There are no unrealistic expectations on Wade and LSU in Year One, other than the notion that the Tigers could be a darkhorse NCAA tournament team. At 14-10 and with the No. 79 RPI after Saturday’s 82-66 victory over Ole Miss, that isn’t going to happen.
Wade has a half-baked roster in terms of the players he wants and the players he inherited. He’s got the mother of all passes this year, a giant Monopoly get-out-of-jail-free card that could cover a wall of his office and doesn’t expire until at least November, when the players from LSU’s No. 3-ranked recruiting class take the floor.
But that doesn’t mean LSU’s young coach takes any comfort trafficking in moral victories, or even actual victories poorly played.
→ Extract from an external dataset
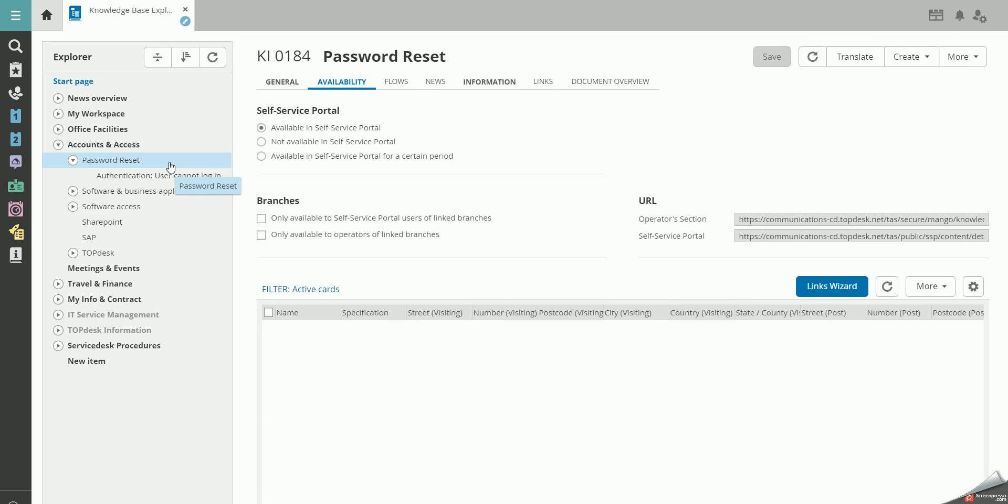You can, however, differentiate between the children, making certain ones available and others not. Maybe some knowledge items should only be available to operators, but should still belong under that specific section in the knowledge base.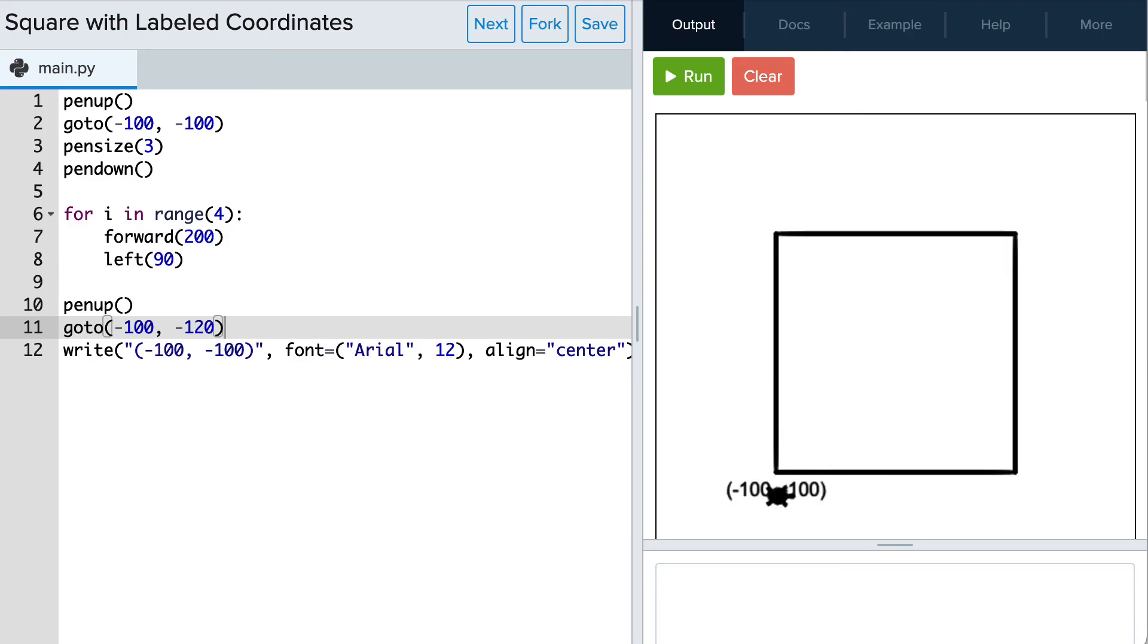Now that looks perfect! It's important to notice that Tracy is adding the label right above her placement, which is why we needed to move her below the actual coordinate location of negative 100, negative 100 before adding this label.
The talent might be lacking, but the standards are not. And some of the elements he saw in Saturday’s win over the moribund Rebels, now 0-8 in true road games, didn’t exactly light his fire.
“It’s a good win,” said Wade as he opened his postgame news conference, sounding for all the world like a guy who knows what he’s supposed to say after a 16-point Southeastern Conference win but doesn’t really mean it. In large part, Wade was cross with his team blowing a 14-point first-half lead, with Ole Miss going up three in the final minute before the Tigers and Rebels settled on a 37-37 halftime tie.
“It’s hard to build a lead like that in the first half, so give our guys credit for that,” Wade said after LSU improved to 5-7 in SEC play. “We didn’t close the first half very well. Poor, poor job on the backboards as usual. We did win an SEC game by 16 points, so I guess that’s a good day.”
LSU regained its composure in the second half and resumed pounding the Rebels, leading by 20 with just over seven minutes left. But there were other issues, like turning a rebound into a turnover on a botched outlet pass, a recurring nightmare in the Will Wade gallery of gripes.
“I’ve never seen anything like that,” Wade said. “We can’t even outlet the ball.
“It’s embarrassing as the coach that one time a game we screw up the outlet pass.”
Another recurring theme: rebounding. LSU got beat on the boards 40-36 by Ole Miss. It’s the 11th time (ninth in SEC play) the Tigers have been outrebounded.
“We’re trying to correct it, but by this point you pretty much are who you are.” Wade said. “We’re not going to turn into some great rebounding team.
“What did we get beat tonight, four? If we can keep it minimal, you give yourselves a chance. We’re not going to become these rah-rah tough guys who can sky up there.”
Certainly all wasn't displeasing to Wade’s eye. LSU, which has been first or second in the SEC in field-goal percentage much of this season (currently second), shot a cool 50 percent from the field against the Rebels. It’s the ninth time the Tigers have shot 50 percent or better this season, thanks in large part to another large game from 6-foot-11 senior forward Duop Reath (26 points on 10-of-12 shooting).
“When we shoot it well, we’ve got a chance to win,” Wade said. “We’d like to shoot over 50 percent in the next six games. It would increase our odds of winning if we can do that.”
Six regular-season games left: three on the road, starting Tuesday at Alabama (8 p.m., SEC Network) followed by Georgia and South Carolina, and three at home against Missouri, Vanderbilt and Mississippi State.
It’s a tough stretch for LSU, which probably needs a split of those games, then a win in the SEC tournament to be in the conversation for an NIT berth. LSU is only a game out of a tie for sixth place, a final standing you figure the Tigers could reach if they finish 8-10 in the SEC.
You can’t figure on LSU getting there if Wade starts going soft on his team, not keeping expectations high, not demanding what maybe is realistically beyond their ability to give.
There doesn’t seem to be much chance of that.